Now that we have tainted our Graviton node group, we'll need to configure our application to take advantage of this change. To do so, let's configure our application to deploy the ui microservice only on nodes that are part of our Graviton-based managed node group.

Before making any changes, let's check the current configuration for the UI pods. Keep in mind that these pods are being controlled by an associated deployment named ui.

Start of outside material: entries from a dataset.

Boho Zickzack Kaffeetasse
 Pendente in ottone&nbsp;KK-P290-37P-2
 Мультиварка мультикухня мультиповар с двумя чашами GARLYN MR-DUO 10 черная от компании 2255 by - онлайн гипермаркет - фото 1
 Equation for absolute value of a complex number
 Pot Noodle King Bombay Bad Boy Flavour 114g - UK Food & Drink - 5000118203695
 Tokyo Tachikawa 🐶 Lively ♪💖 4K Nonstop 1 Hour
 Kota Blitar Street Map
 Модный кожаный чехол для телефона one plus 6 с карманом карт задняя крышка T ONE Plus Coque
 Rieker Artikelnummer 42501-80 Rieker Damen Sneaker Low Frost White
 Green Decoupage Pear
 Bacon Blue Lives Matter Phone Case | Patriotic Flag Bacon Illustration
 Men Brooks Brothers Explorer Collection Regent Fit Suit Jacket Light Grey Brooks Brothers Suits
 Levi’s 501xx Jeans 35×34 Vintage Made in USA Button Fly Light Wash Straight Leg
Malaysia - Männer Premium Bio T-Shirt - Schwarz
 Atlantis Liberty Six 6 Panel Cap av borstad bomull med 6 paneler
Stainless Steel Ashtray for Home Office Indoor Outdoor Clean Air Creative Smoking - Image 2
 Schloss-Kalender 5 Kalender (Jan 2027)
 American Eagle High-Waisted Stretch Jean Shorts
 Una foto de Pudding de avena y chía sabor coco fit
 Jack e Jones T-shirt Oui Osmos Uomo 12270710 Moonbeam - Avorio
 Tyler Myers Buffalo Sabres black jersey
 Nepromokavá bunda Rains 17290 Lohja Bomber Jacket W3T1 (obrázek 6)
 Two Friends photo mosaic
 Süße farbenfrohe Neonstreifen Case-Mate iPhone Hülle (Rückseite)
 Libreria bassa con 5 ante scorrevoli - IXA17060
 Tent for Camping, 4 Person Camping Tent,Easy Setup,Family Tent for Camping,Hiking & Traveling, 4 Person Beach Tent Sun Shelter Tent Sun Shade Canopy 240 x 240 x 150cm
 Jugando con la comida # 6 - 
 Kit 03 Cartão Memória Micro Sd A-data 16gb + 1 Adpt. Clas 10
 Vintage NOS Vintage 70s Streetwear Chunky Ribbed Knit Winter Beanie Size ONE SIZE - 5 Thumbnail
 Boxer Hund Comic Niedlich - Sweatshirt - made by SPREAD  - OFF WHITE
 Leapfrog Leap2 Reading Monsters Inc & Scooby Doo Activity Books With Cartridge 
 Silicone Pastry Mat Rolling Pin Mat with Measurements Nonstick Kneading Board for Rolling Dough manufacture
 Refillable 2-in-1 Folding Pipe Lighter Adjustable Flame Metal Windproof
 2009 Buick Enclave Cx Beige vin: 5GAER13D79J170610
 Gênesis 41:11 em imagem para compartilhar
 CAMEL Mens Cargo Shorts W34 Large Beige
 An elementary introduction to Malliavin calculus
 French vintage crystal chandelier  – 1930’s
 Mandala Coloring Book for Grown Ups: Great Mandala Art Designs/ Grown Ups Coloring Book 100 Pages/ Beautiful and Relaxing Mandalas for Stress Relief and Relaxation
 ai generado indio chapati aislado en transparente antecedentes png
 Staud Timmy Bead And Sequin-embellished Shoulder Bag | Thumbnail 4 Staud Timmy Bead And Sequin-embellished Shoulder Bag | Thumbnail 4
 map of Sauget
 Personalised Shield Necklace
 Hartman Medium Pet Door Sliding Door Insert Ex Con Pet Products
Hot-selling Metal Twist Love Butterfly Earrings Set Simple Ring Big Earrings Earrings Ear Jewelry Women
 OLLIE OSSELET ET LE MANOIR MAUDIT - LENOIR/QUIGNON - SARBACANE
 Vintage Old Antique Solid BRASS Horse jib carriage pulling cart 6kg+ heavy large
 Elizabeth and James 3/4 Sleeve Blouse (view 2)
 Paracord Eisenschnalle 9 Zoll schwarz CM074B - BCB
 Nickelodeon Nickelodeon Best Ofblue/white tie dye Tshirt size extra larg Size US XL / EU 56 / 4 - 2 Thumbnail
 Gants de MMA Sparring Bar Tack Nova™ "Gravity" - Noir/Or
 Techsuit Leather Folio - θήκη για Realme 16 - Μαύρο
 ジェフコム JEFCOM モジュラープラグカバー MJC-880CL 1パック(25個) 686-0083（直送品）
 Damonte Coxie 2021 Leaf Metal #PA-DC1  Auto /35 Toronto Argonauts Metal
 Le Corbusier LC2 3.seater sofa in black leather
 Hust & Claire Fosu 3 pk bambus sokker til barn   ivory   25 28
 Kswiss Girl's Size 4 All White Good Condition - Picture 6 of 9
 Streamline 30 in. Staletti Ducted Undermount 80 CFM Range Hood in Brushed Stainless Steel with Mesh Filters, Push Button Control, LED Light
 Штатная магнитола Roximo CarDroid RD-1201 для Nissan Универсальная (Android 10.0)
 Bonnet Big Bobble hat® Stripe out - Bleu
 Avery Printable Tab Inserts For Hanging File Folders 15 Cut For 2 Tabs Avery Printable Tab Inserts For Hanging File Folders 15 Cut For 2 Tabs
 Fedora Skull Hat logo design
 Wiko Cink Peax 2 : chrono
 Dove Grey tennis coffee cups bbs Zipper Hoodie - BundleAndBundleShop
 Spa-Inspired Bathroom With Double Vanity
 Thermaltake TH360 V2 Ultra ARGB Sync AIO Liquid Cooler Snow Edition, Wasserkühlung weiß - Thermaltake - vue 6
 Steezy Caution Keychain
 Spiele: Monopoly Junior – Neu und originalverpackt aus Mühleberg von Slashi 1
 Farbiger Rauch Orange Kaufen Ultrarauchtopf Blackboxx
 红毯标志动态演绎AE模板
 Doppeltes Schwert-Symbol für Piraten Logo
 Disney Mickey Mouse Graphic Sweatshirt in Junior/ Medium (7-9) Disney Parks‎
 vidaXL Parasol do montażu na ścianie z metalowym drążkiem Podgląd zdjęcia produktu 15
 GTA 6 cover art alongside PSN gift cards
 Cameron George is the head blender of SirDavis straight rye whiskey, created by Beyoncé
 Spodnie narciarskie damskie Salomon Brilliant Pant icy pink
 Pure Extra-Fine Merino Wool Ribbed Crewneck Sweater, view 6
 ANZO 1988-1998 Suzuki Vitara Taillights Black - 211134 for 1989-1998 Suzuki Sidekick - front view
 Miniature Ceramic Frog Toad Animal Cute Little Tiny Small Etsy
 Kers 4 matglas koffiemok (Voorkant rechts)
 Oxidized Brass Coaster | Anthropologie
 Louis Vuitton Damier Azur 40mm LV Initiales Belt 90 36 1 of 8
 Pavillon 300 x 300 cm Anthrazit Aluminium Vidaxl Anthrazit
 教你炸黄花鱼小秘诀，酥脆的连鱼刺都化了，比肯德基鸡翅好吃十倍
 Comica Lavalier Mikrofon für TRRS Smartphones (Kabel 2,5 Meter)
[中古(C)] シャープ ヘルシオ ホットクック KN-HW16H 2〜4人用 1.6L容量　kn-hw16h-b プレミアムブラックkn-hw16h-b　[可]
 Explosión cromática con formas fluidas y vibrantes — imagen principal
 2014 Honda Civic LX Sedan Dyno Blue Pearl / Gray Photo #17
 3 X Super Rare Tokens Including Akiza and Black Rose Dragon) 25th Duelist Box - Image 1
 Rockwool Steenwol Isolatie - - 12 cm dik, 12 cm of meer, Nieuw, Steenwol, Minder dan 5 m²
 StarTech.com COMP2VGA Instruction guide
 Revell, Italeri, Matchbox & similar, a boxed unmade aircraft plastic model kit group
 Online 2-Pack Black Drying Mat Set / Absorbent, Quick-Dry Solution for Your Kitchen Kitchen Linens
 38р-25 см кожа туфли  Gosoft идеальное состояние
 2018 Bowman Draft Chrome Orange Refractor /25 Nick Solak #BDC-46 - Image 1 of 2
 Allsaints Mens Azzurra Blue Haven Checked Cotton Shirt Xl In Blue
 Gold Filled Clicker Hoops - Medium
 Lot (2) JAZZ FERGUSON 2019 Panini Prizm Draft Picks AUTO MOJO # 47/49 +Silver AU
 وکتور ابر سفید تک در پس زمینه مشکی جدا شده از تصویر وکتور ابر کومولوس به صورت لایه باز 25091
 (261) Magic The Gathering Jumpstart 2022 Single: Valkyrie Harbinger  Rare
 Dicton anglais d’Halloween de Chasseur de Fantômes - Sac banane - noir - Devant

~$kubectl describe pod --namespace ui --selector app.kubernetes.io/name=ui

Name:             ui-7bdbf967f9-qzh7f

Namespace:        ui

Priority:         0

Service Account:  ui

Node:             ip-10-42-11-43.us-west-2.compute.internal/10.42.11.43

Start Time:       Wed, 09 Nov 2022 16:40:32 +0000

Labels:           app.kubernetes.io/component=service

                  app.kubernetes.io/created-by=eks-workshop

                  app.kubernetes.io/instance=ui

                  app.kubernetes.io/name=ui

                  pod-template-hash=7bdbf967f9

Status:           Running

[....]

Controlled By:  ReplicaSet/ui-7bdbf967f9

Containers:

[...]

Node-Selectors:              <none>

Tolerations:                 node.kubernetes.io/not-ready:NoExecute op=Exists for 300s

                             node.kubernetes.io/unreachable:NoExecute op=Exists for 300s

As anticipated, the application is running successfully on a non-tainted node. The associated pod is in a Running status and we can confirm that no custom tolerations have been configured. Note that Kubernetes automatically adds tolerations for node.kubernetes.io/not-ready and node.kubernetes.io/unreachable with tolerationSeconds=300, unless you or a controller set those tolerations explicitly. These automatically-added tolerations mean that Pods remain bound to Nodes for 5 minutes after one of these problems is detected.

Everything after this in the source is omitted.